§ DIRECTIONS
Print the entries exactly as they appear, and omit any images.

Image-text web data
- - -

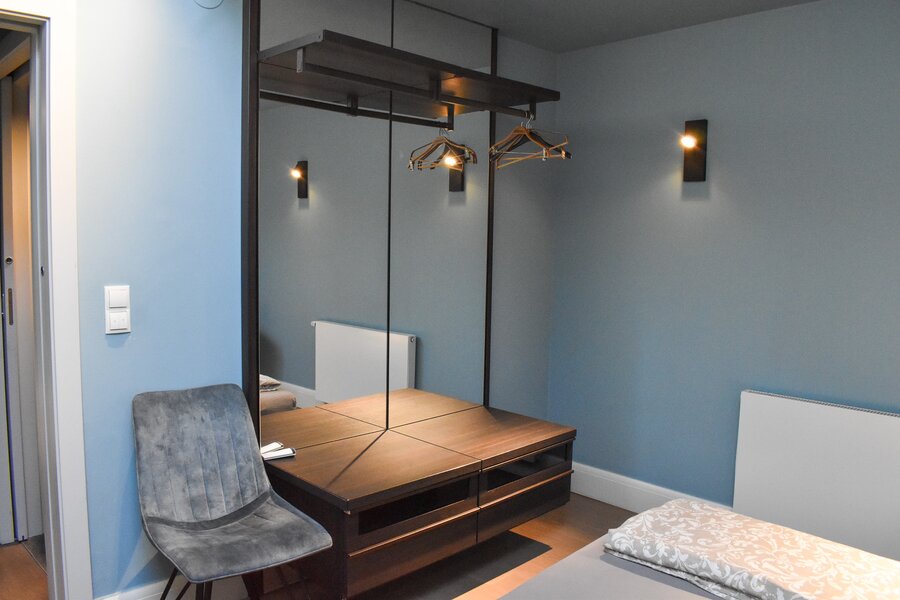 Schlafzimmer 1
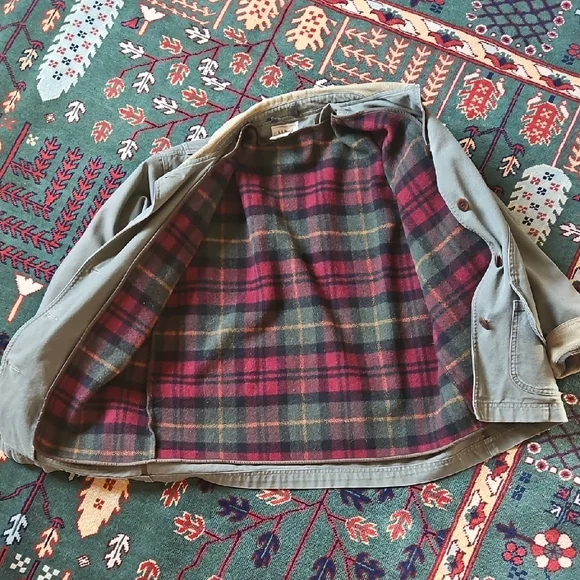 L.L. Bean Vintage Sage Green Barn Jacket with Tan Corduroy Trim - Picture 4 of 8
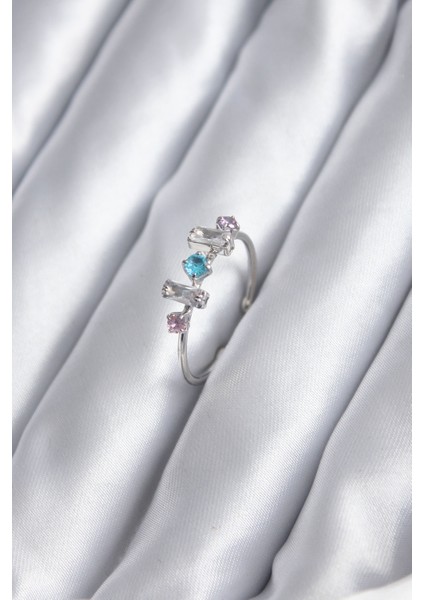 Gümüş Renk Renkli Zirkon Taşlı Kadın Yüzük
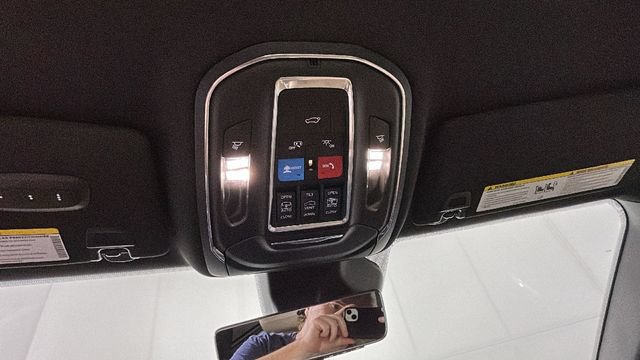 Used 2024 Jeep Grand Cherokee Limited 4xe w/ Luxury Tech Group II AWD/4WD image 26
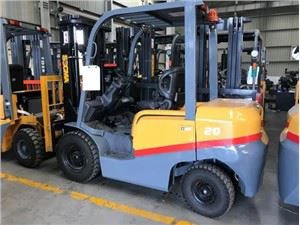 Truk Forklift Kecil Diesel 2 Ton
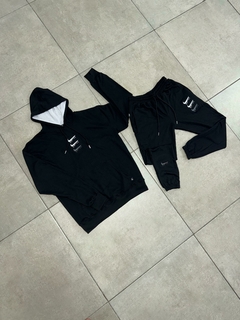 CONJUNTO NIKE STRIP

- - -

§ ANSWER BOX
 Schlafzimmer 1
 L.L. Bean Vintage Sage Green Barn Jacket with Tan Corduroy Trim - Picture 4 of 8
 Gümüş Renk Renkli Zirkon Taşlı Kadın Yüzük
 Used 2024 Jeep Grand Cherokee Limited 4xe w/ Luxury Tech Group II AWD/4WD image 26
 Truk Forklift Kecil Diesel 2 Ton
 CONJUNTO NIKE STRIP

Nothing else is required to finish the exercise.